Oslo was once considered a bit staid, but it’s now throwing off that reputation and putting some serious energy – and money – into incredible design, architecture, boutiques and cuisine.
Trendy neighbourhoods have emerged that are well worth visiting. Check out Tjuvholmen, where the Astrup Fearnley Museum of Modern Art (a destination in and of itself) has opened. The same area is also bursting with art galleries, restaurants like Fru K, and a stunning hotel; The Thief. Vulkan, on the Akerselva River, is another hot place to check out, with plenty of nightlife venues and a food hall, Mathallen Oslo.

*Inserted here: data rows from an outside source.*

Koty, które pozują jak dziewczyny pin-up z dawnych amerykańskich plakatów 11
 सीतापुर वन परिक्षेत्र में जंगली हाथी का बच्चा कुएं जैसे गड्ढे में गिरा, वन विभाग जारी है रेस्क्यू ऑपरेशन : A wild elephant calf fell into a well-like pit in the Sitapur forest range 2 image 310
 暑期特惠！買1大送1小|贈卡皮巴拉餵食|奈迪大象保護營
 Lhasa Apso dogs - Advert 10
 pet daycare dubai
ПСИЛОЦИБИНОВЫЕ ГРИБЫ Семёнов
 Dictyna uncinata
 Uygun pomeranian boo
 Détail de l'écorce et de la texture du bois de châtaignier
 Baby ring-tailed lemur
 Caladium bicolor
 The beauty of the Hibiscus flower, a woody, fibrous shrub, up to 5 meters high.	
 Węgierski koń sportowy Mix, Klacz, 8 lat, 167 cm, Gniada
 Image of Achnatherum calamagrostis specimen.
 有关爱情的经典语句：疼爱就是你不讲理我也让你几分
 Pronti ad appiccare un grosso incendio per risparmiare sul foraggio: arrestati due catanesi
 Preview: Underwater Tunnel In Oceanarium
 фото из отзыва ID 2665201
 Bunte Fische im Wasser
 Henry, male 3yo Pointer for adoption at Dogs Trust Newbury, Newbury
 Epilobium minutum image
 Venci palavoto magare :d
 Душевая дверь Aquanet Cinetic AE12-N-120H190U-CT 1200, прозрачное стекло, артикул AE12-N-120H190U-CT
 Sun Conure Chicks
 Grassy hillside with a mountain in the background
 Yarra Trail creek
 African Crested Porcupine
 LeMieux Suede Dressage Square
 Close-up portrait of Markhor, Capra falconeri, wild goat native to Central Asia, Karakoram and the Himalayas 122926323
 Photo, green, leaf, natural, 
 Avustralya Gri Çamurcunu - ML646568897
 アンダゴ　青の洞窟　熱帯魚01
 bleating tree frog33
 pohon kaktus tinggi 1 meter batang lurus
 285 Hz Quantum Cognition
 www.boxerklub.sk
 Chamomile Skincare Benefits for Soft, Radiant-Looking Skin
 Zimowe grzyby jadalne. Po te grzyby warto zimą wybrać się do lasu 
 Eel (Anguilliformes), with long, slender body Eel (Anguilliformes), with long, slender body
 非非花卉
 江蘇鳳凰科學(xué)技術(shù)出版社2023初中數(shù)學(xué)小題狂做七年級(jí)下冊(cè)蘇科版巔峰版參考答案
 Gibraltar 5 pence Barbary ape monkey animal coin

Design is an important part of life in Oslo, and poking around shops for local goods is a fantastic way to spend an afternoon. Even venerable department stores like GlasMagasinet sell a plethora of Scandinavian-made clothes, accessories and crafts. Wandering Kvadraturen, the old town, is a good way to get a peek into some lovely old buildings, complete with cosy lounges and fun design shops. Oslo has an impressive art scene too, and the Munch Museum (home of Edvard Munch’s iconic painting The Scream) is a must-visit.
Oslo can be an expensive city, but it offers good value – restaurants and cafes may charge a lot, but the standards are high and the emphasis on beautiful design makes every meal, or even just a quick coffee, feel like an experience. It’s a city that exemplifies Scandinavian cool.